En IU pasaba algo parecido, Maíllo es elegido candidato en el verano de 2014, y para amplios sectores de la ciudadanía es un perfecto desconocido, a diferencia de Diego Valderas que su cargo de Vicepresidente en la Junta de Andalucía le hizo alcanzar una importante notoriedad entre la ciudadanía de la región.

Además de estas razones de mera estrategia electoral, hay otras dos que han sido determinantes, por un lado la decisión anunciada en noviembre por Cayo Lara de no presentarse a la reelección como líder nacional de IU, lo que abría el paso a Alberto Garzón, y dado el entreguismo de éste hacia Podemos y su hostilidad hacia el PSOE, era de temer y de esperar que acabaría a corto plazo con la salida de IU del Gobierno de Andalucía. El otro motivo de peso fue la amenaza de convocatoria de un referendum entre las bases de IU para después de las elecciones del próximo mes de mayo para poner fin a la coalición electoral con el PSOE.

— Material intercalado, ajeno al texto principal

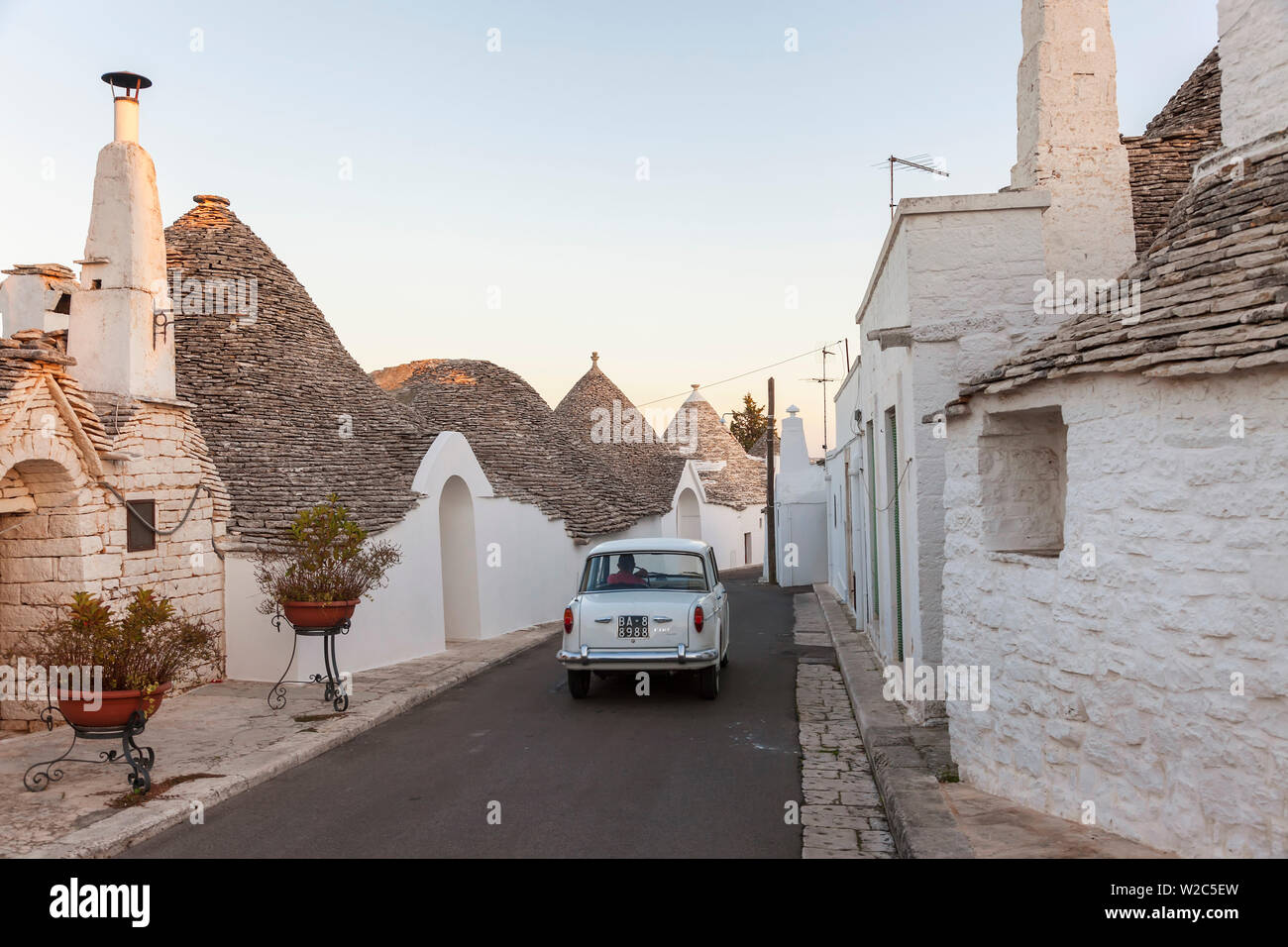 Trulli case; Alberobello; Puglia; Puglia; Italia Foto Stock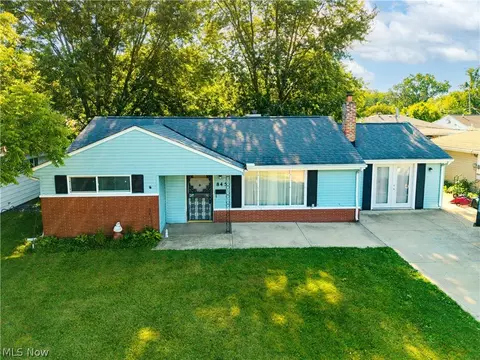 845 Mansfield St, Sheffield Lake, OH 44054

Un 7 por ciento menos de abstencionistas

Como ocurre en todos los comicios, la abstención será otra de las claves a tener en cuenta. Y, en el caso de Andalucía, sus ciudadanos parecen decididos a movilizarse. O los políticos han conseguido que los andaluces vayan a los colegios electorales el próximo domingo, tal y como se desprende de la encuesta de NC Report.

En las pasadas autonómicas de 2012, la cifra de los que decidieron no acudir a las urnas se elevó hasta los 2.352.973 ciudadanos, el 37 por ciento del censo. Sin embargo, el último sondeo que publica LA RAZÓN muestra como esta cantidad de abstencionistas cae en 454.973 y se sitúa en 1.898.000, lo que supone que el 30 por ciento no se molestará en depositar un voto el 22-M.

Por partidos, hay un 13,8 por ciento de electoresd qe votaron al PSOE en 2012 que en esta ocasión se abstendrán. En cuanto al PP, un 14,1 podría no acudir al colegio electoral en esta nueva cita, mientras que

Pero, además de la preocupación por la abstención, los partidos también tienen no sólo que lograr retener a sus fieles, sino mantener a esos indecisos que se plantean cambiar la papeleta en estos comicios.

En el caso del PSOE, hay un 13,8 por ciento de sus votantes que podría optar por Podemos, mientras que un 10,5 por ciento de ex votantes populares podría elegir ahora Ciudadanos.